Il ne s’agit pas d’une période normale de négociations entre le gouvernement et les travailleur-euses. Dans les années passées, le mouvement ouvrier pouvait s’attendre à recevoir quelques concessions du gouvernement. Avec les Libéraux bien décidés à régler la crise financière à laquelle fait face le Québec, la possibilité que le gouvernement accède aux demandes des travailleurs est virtuellement nulle. Le gouvernement a déjà démontré qu’il est prêt à utiliser des moyens antidémocratiques comme des lois de retour au travail et des attaques en règle contre les libertés civiles pour faire passer ses mesures. Pour gagner, les travailleur-euses et leurs chefs doivent être prêts à défier les lois antidémocratiques qu’on leur impose. Il n’y a pas d’autre option : soit défier la loi, soit accepter de voir son niveau de vie chuter drastiquement. Cette lutte dépasse les conflits économiques, elle est fondamentalement politique. Elle déterminera qui prend les décisions au Québec et les patrons ne peuvent pas se permettre de perdre. L‘issue du mouvement de masse de 2012 n’a pas été satisfaisante pour la classe dirigeante. Les travailleur-euses et la jeunesse se souviennent de ce moment où ils ont presque réussi à imposer leur volonté à la classe capitaliste. Celle-ci ne peut se permettre une autre humiliation; il est crucial pour elle de gagner cette fois-ci.

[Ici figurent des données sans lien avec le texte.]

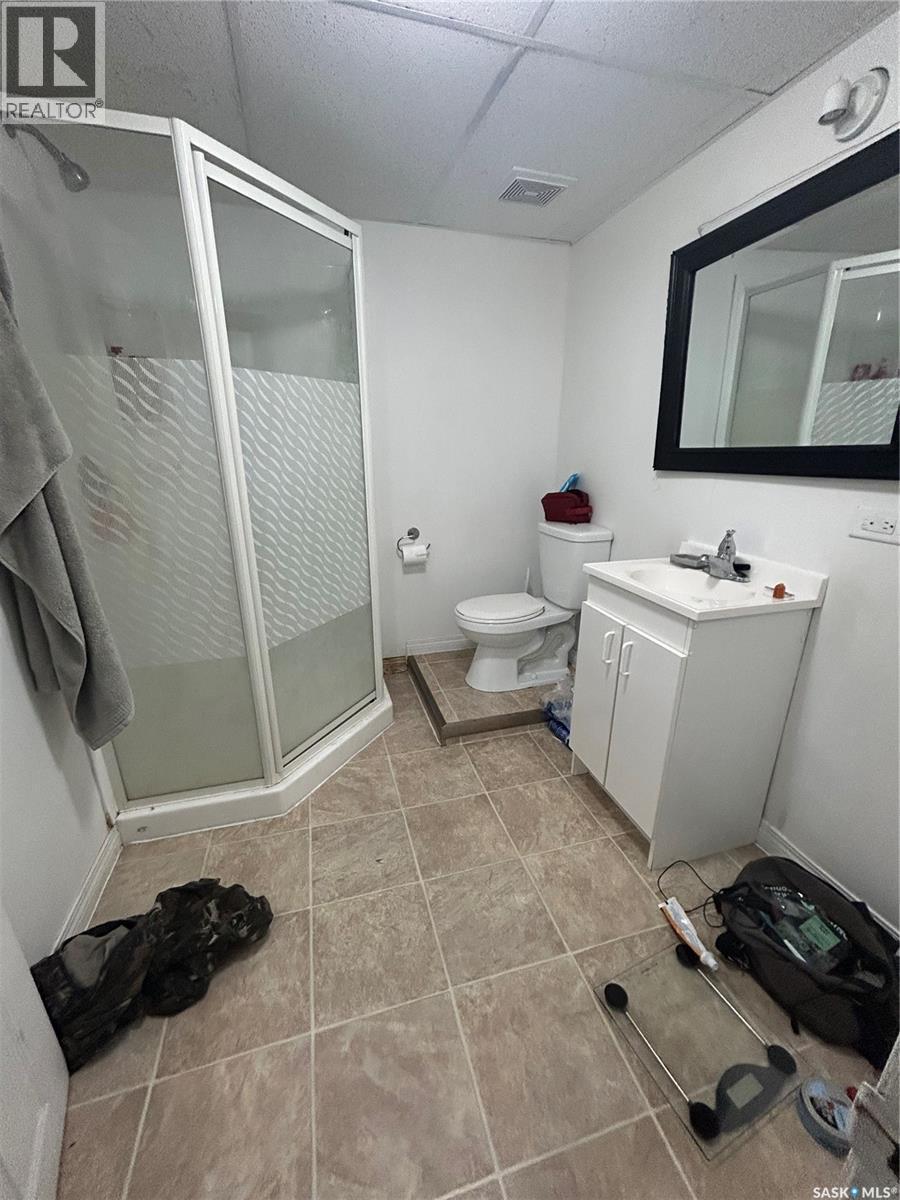1501 3Rd Street, Estevan, SK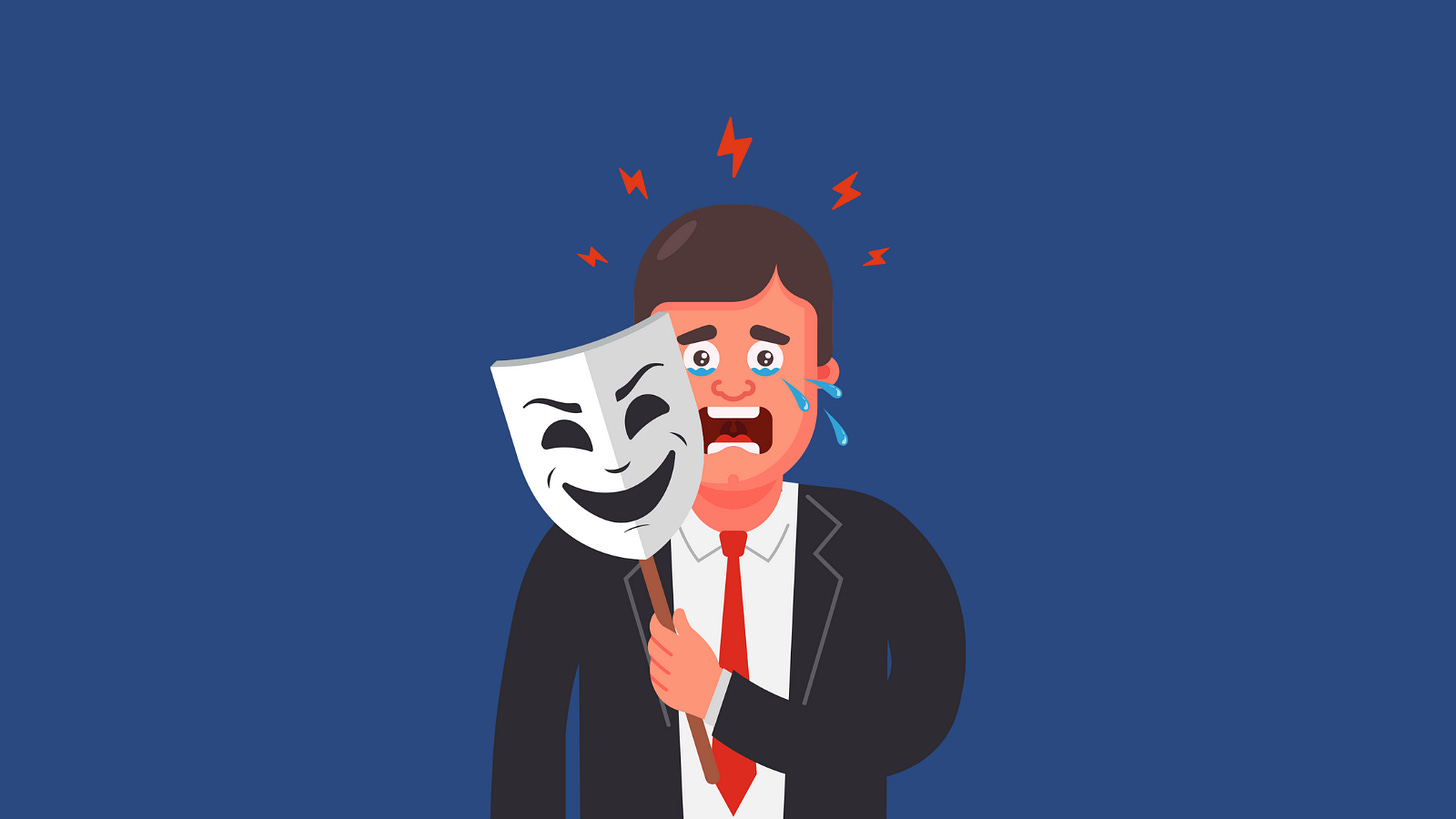 5 Ultimate Tactics To Expose Someone's True Nature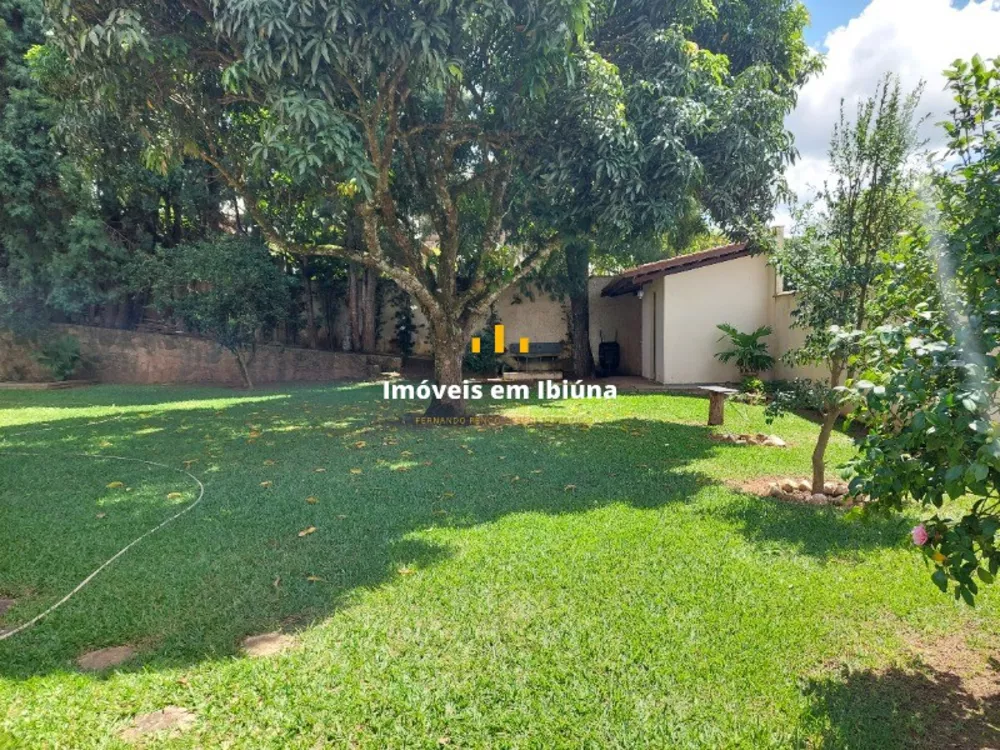 Chácara, 4 quartos, 1080 m² - Foto 12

Pendant des années la classe dirigeante du Québec a fait campagne pour un Québec «lucide», libéré de l’État-providence et des programmes sociaux coûteux. Les libéraux ont rendu incroyablement clair qu’ils feront n’importe quoi pour les 3,2 milliards nécessaires pour balancer le budget. Combien d’emplois du secteur public seront coupés ? Combien de services passeront à la hache ? L’importance de cette lutte n’est pas que de se défendre contre des attaques immédiates. Une victoire des libéraux ne fera que redonner confiance aux patrons et à leur représentants qui iront plus loin, coupant plus et passant au rouleau compresseur les droits démocratiques sur leur chemin. Ces attaques ne cesseront pas tant que nous ne nous débarrasserons pas du système économique pourri qui a mené à cette austérité. C’est pour cela qu’il est important que tous les secteurs de l’économie Québécoise qui souffrent sous l’austérité – les travailleurs, étudiants, les jeunes et les pauvres – s’unissent pour former un parti des travailleurs, qui se battra pour des politiques socialistes et arrachera le pouvoir des mains des patrons et de leur représentants.